START DATA FOR THIS TASK
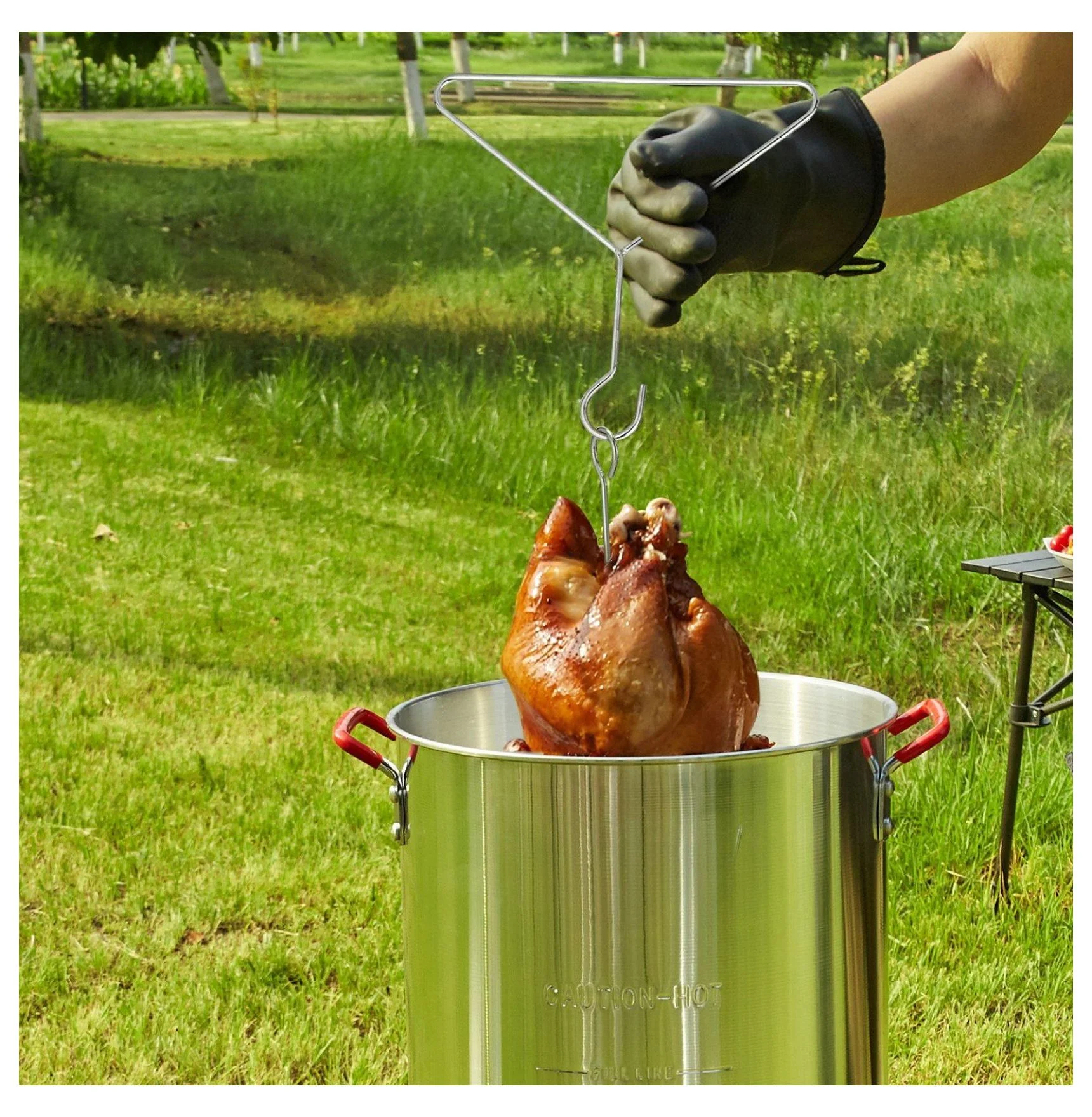 Turkey Deep Fryer, 30-qt Turkey & 10-qt Fish Steamer Cooker Set, Outdoor Aluminum Seafood Frying Pot, 54,000 BTU Burner Propane Gas Boiler, Includes Baskets, Perforated Poultry Rack, Temperature Gauge 10 Qt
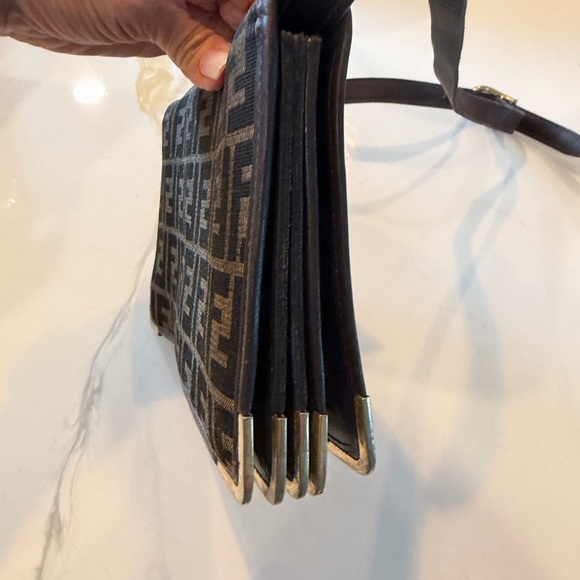 Fendi Brown Leather Logo Interior with Gold Stamp - Picture 7 of 11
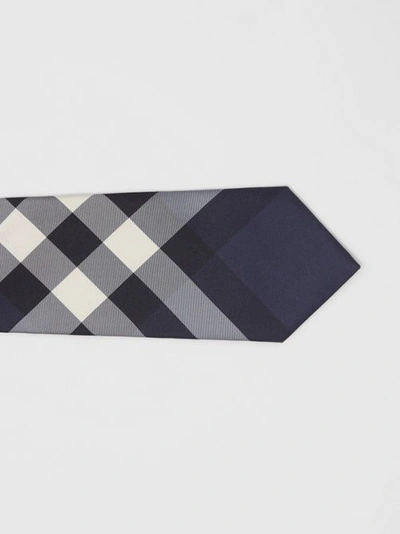 Shop Burberry Check Silk Tie In Navy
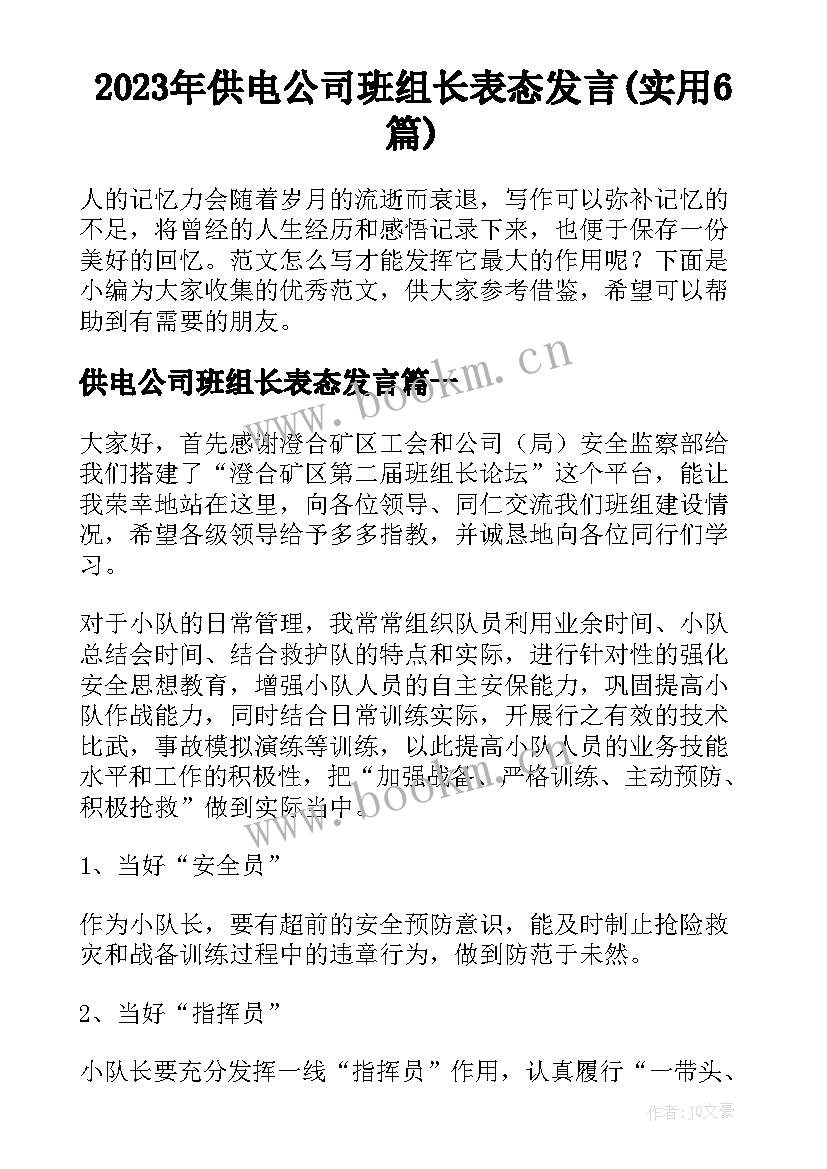 2023年供电公司班组长表态发言(实用6篇)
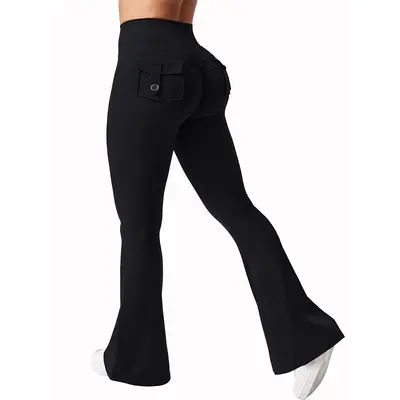 Elastic Quick-Dry Yoga Flare Pants, Slimming Fit - 8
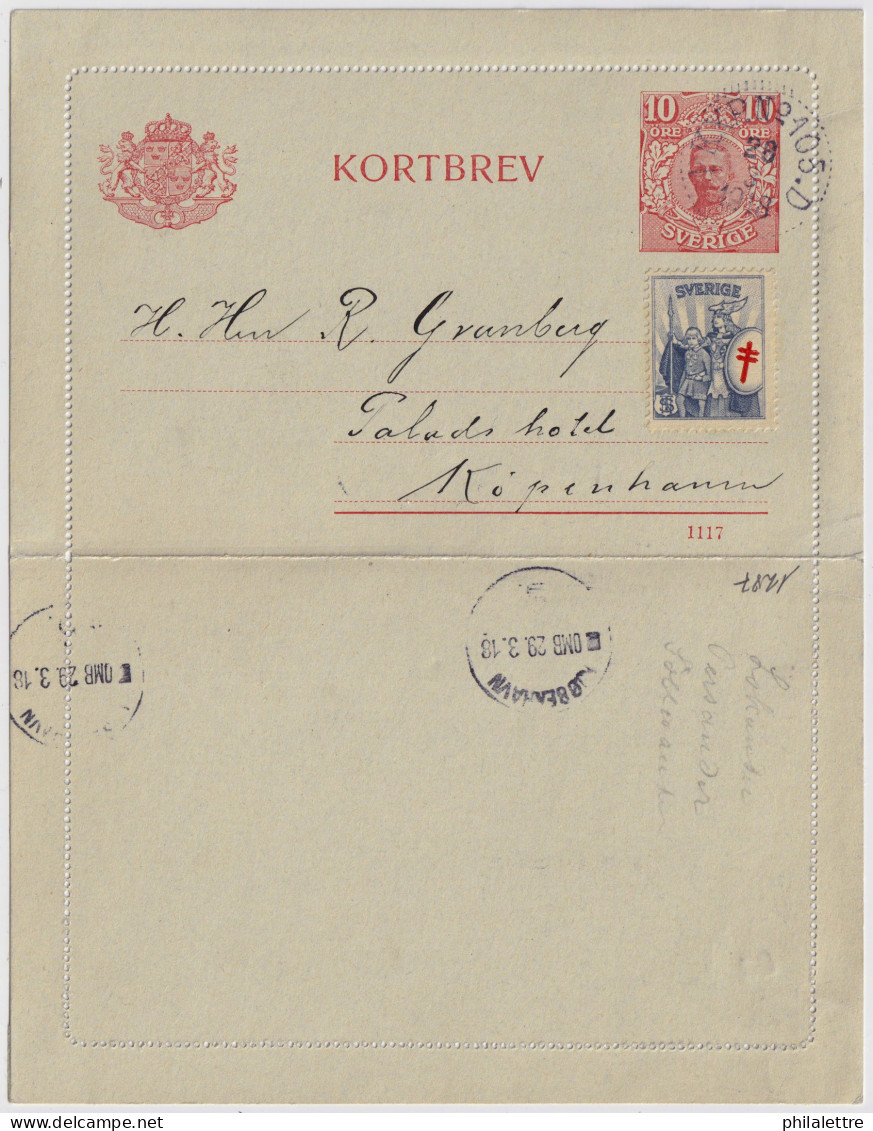 SUÈDE / SWEDEN - 1918 - Letter-Card Mi.K13 10ö Red (d.1117) + Anti-Tuberculosis Label - Used  To COPENHAGEN, Denmark - Enteros Postales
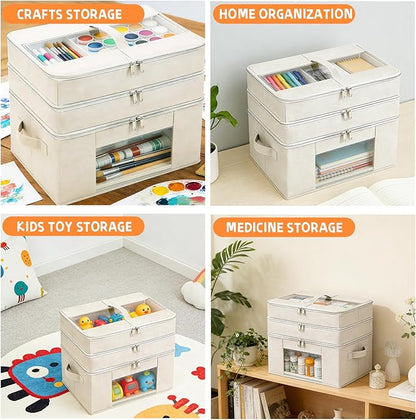 3-Tier Medicine Cabinet Organizer, Foldable Fabric Medicine Storage Box with Clear Cover and Handle,Multipurpose Medicine Organizer Box for First Aid, Home and Travel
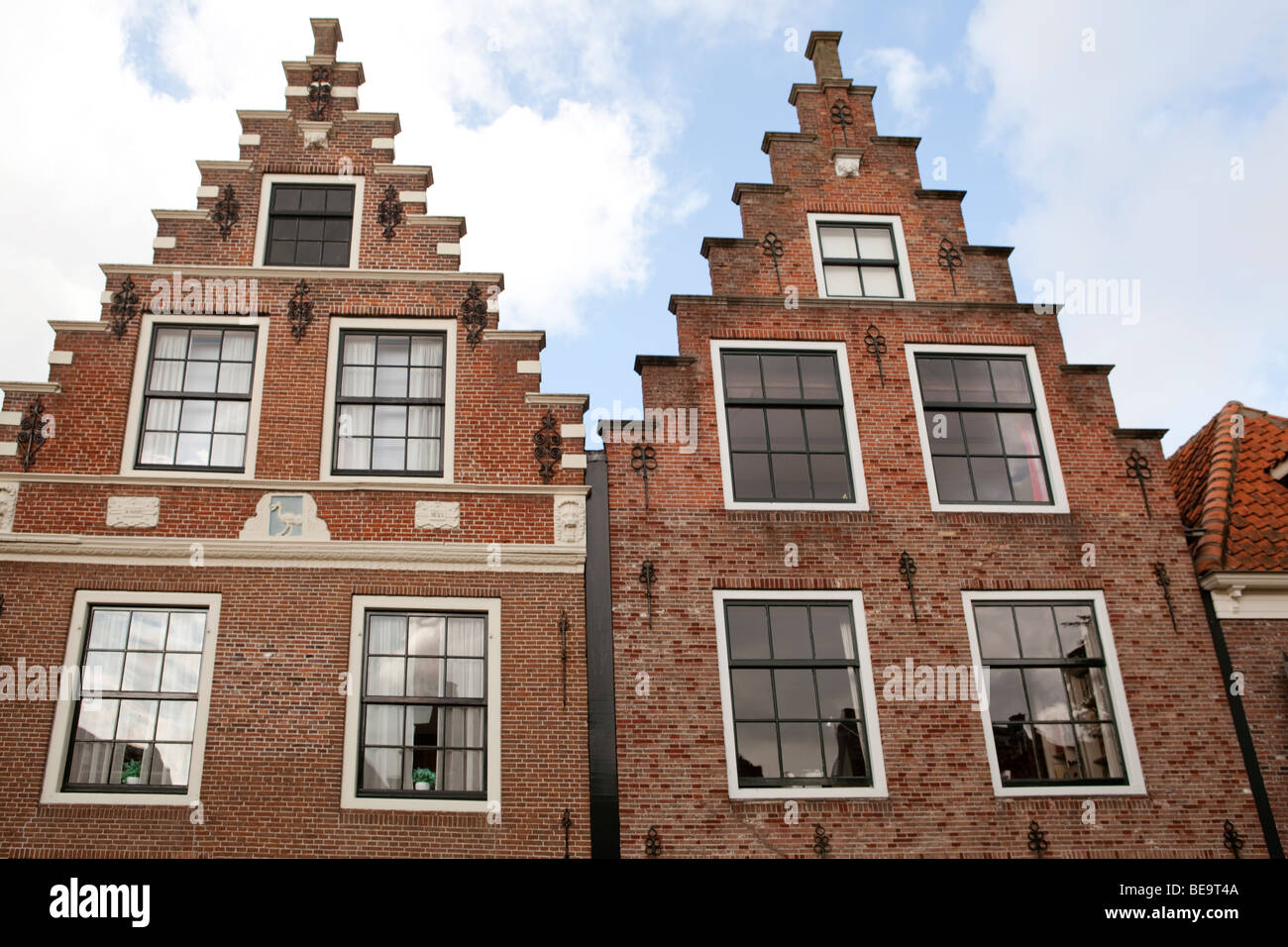 Dutch gabled stepped roof houses. Edam, Holland Stock Photo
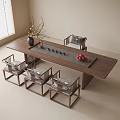 Modern Tea Table and Chair Combination Tea Set 3d model
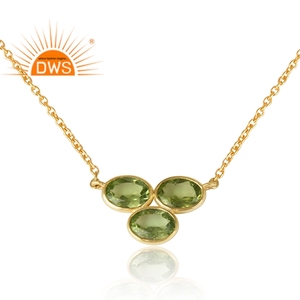 Collier pendentif en argent sterling 925 avec pierre précieuse péridot naturel, modèle 2026, très vendu, pour femme - Fabricant de bijoux - Product Image 2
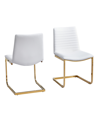 Best Master Furniture Blanca 34" Faux Leather Dining Chairs, Set Of 2 In White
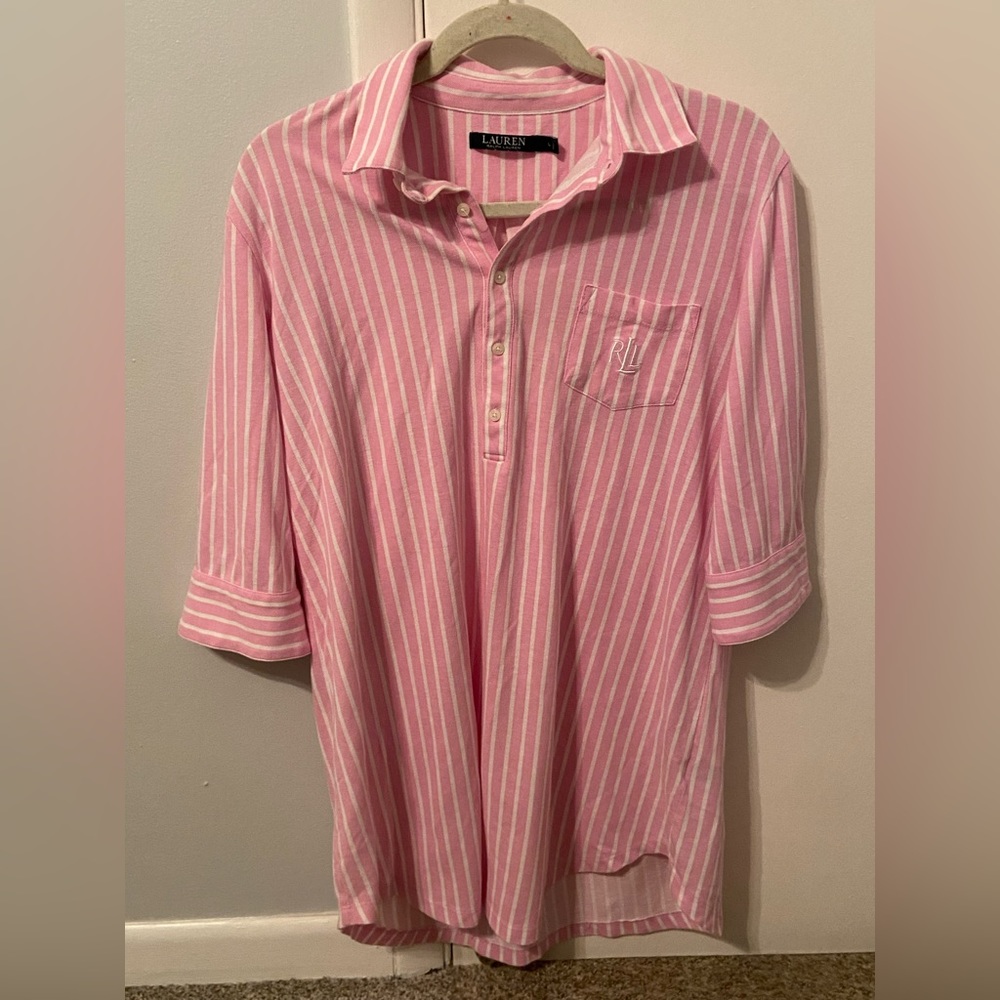 Pink Striped Lauren by Ralph Lauren sleep shirt- size L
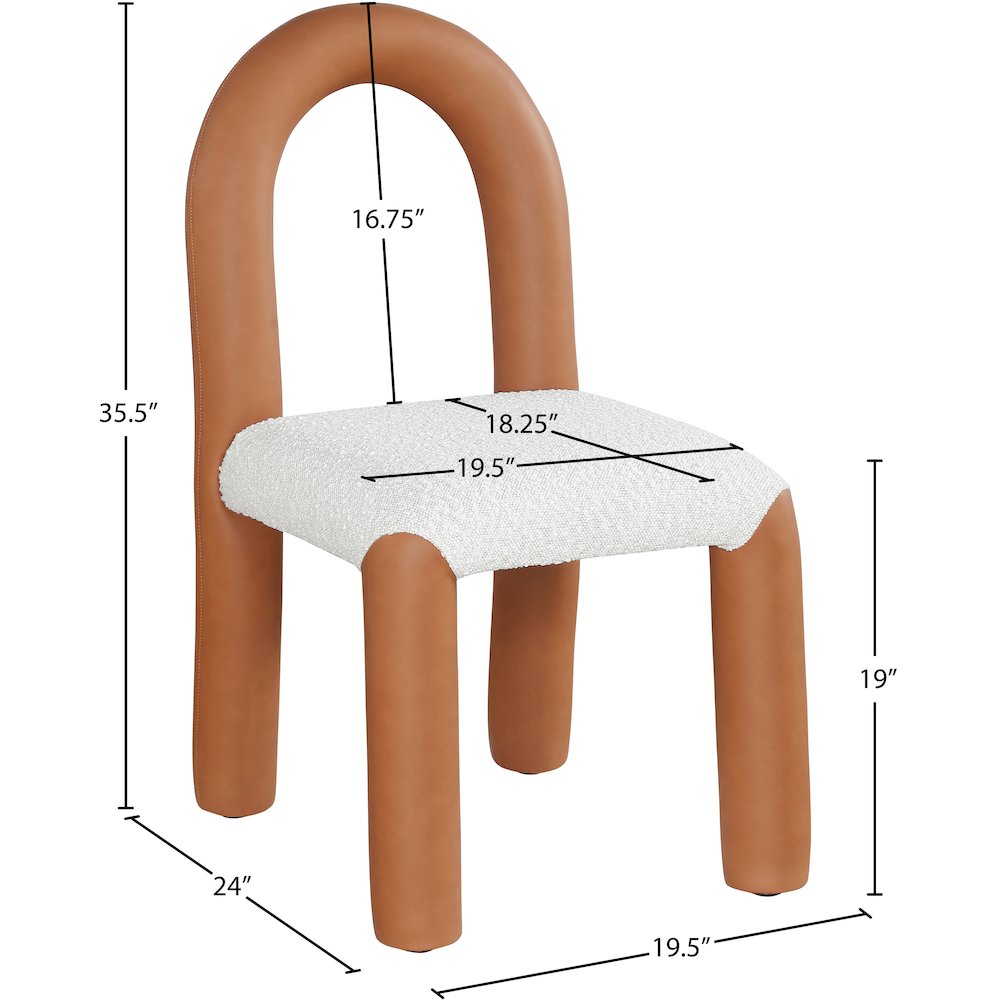 Amari Cognac Vegan Leather and Boucle Fabric Dining Chair, Set of 2. Picture 8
END DATA FOR THIS TASK
## PROBLEM TO SOLVE
Starting with the first line of the data above and ending with the line containing "Elastic Quick-Dry Yoga", please restate every line exactly, leaving images out.

## EXPECTED ANSWER
 Turkey Deep Fryer, 30-qt Turkey & 10-qt Fish Steamer Cooker Set, Outdoor Aluminum Seafood Frying Pot, 54,000 BTU Burner Propane Gas Boiler, Includes Baskets, Perforated Poultry Rack, Temperature Gauge 10 Qt
 Fendi Brown Leather Logo Interior with Gold Stamp - Picture 7 of 11
 Shop Burberry Check Silk Tie In Navy
 2023年供电公司班组长表态发言(实用6篇)
 Elastic Quick-Dry Yoga Flare Pants, Slimming Fit - 8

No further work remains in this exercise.